The report, however, indicates that the public image of CSOs did not change much in 2017. According to the report, the Namibia Institute for Democracy (NID) reported in 2015 that 568 CSOs existed in Namibia – and of these, about 10 percent were strongly established organisations, whereby approximately half of them worked in the fields of healthcare and HIV/AIDS, while at least 10 percent were active in economic and social justice, democracy, governance, and human rights.
The report further stated that since 2015, there has been no formal survey of civil society to establish the overall number of CSOs or identify the sectors in which they work. “However, at the end of 2017, the IPPR identified sixty active CSOs in the Windhoek area, able to contribute consultations involving the African Peer Review Mechanism,” the report stated.
The report further stated that the largest sectors are democracy and human rights sectors, labour sector (including trade unions), as well as healthcare and HIV/AIDS sectors. There appears to be very few CSOs outside the capital, even though there has not been a survey that was conducted to verify this.

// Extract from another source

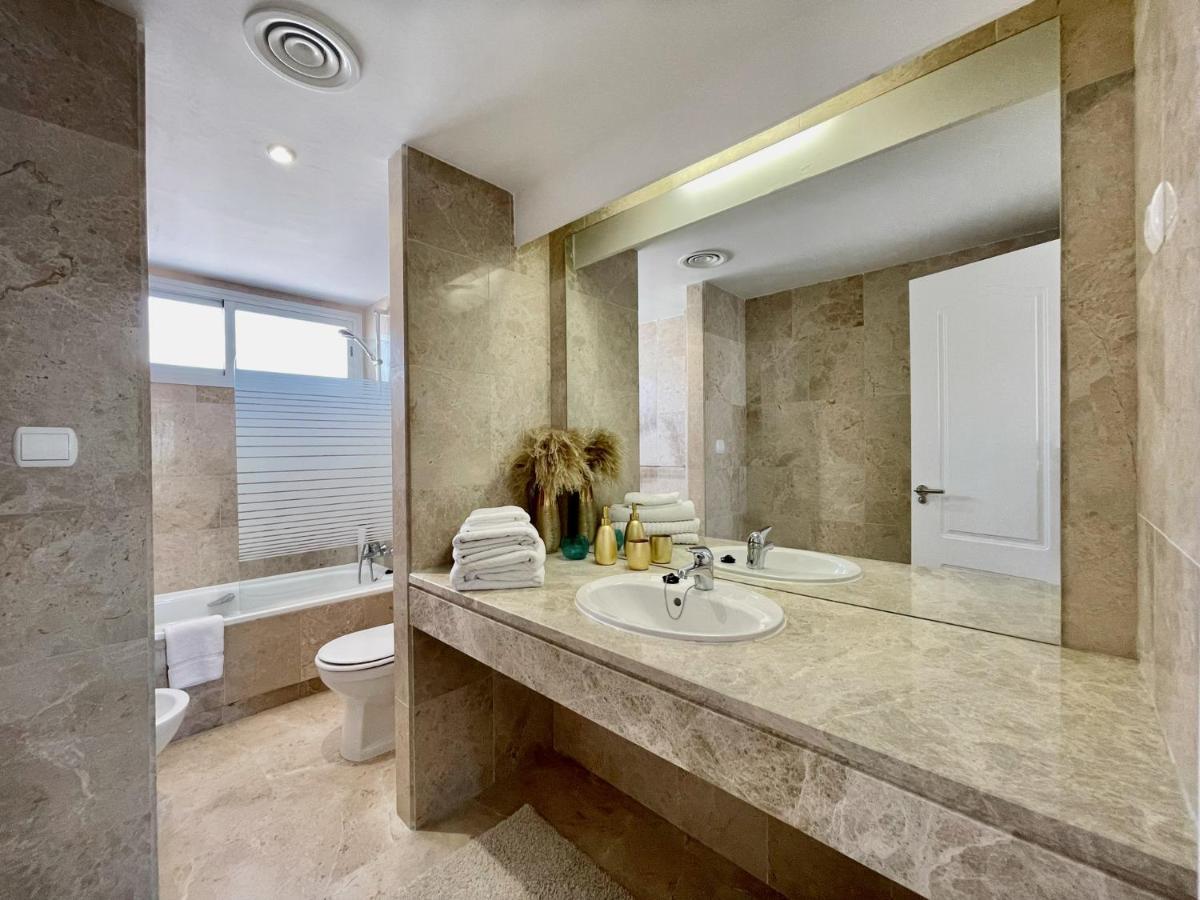 شقة Unique Townhouse In Front Of Puerto Banus ماربيا المظهر الخارجي الصورة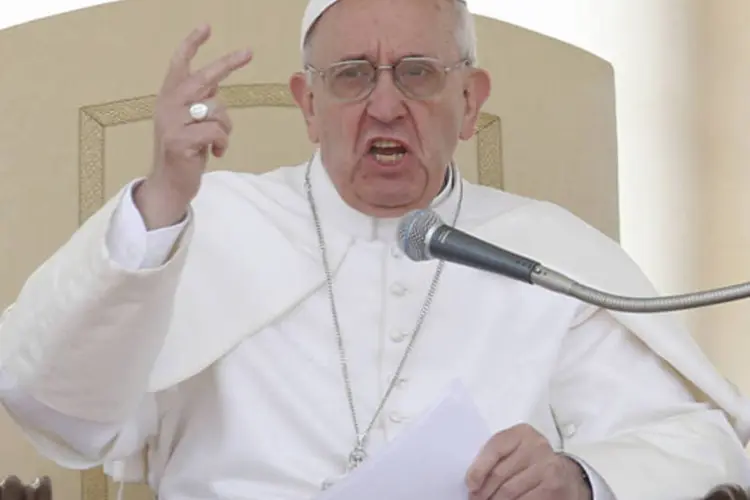 
	Papa Francisco: papa condenou atos racistas e xen&oacute;fobos e pediu direitos aos imigrantes
 (Tony Gentile/Reuters)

The report further said that the legal environment for CSOs deteriorated in 2017, as the government failed to withdraw or amend Namibia’s “draconian” research law, increased restrictions on work visas for foreign experts, and failed to repeal the apartheid era Protection of Information Act.
With regards to the organisational capacity of CSOs, the report said that it deteriorated in 2017, mainly because of the closure of capacity-building organisations and constraints caused by persistent funding problems. “Several leading-capacity building organisations were either defunct or temporarily inactive in 2017,” the report said.
For example, the main umbrella body for CSOs, the Namibian Non-Governmental Organisations Forum (NANGOF) Trust, has been mostly dormant since its funding wound in 2016; thus, it did not offer capacity-building support in 2017, according to the report. Similarly, the training program on CSO management, offered by the Namibia Institute for Democracy, came to a halt when the institute temporarily closed down during the year, it was stated.
“Compounding this difficulty was the tendency of donors and international CSOs to overlook the needs of Namibian CSOs for capacity-building support,” the report stated. For example, some international organisations competed for funds with domestic organisations and organised activities in the areas in which established Namibian CSOs already operated, effectively undermining their work. Since these international organisations receive technical support and funding for overhead costs from their head offices, they are better resourced than local CSOs – and thus, more credible to donors.
As a result, the report added, Namibian CSOs must increasingly rely on funding for short-term projects, which does not usually include allowances for operating expenses such as rent and utilities. The net result for Namibian CSOs, the report said, is unreliable incomes, staffing uncertainties, and management and oversight problems.